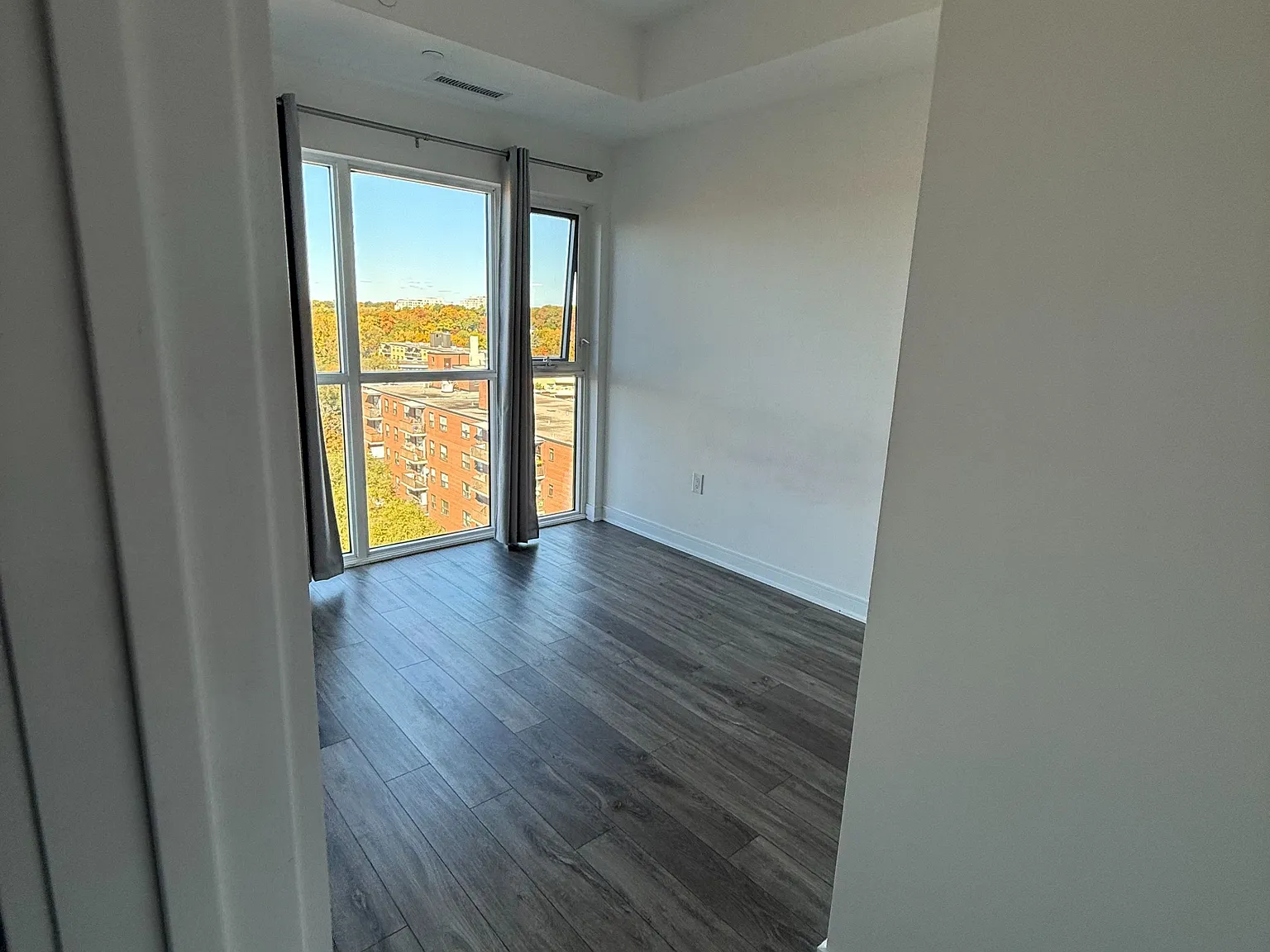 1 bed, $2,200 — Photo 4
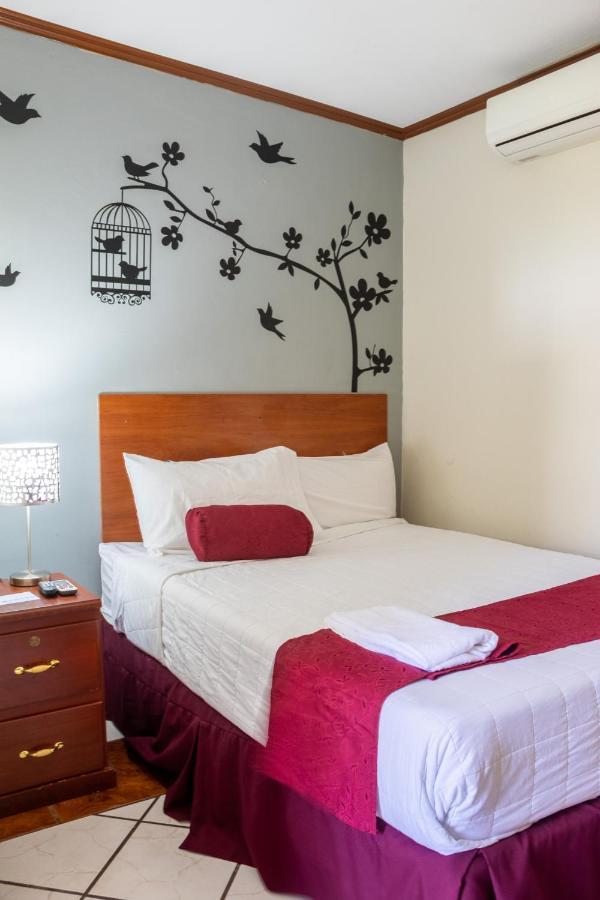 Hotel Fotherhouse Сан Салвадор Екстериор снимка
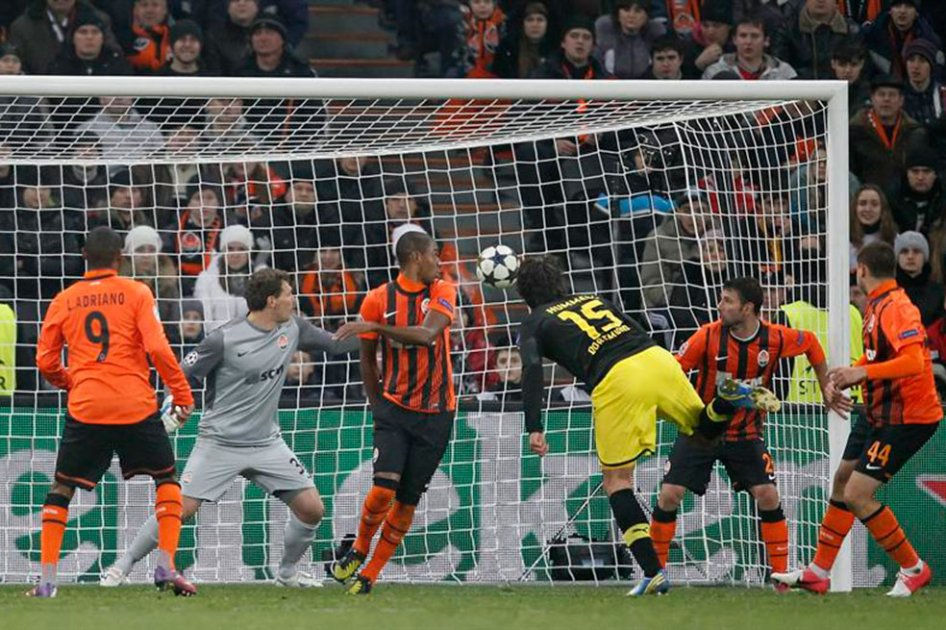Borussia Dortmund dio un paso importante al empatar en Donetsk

*Exercise aim:*
Would you write out the data exactly, with no pictures in the copy?

*Response:*
 1 bed, $2,200 — Photo 4
 Hotel Fotherhouse Сан Салвадор Екстериор снимка
Borussia Dortmund dio un paso importante al empatar en Donetsk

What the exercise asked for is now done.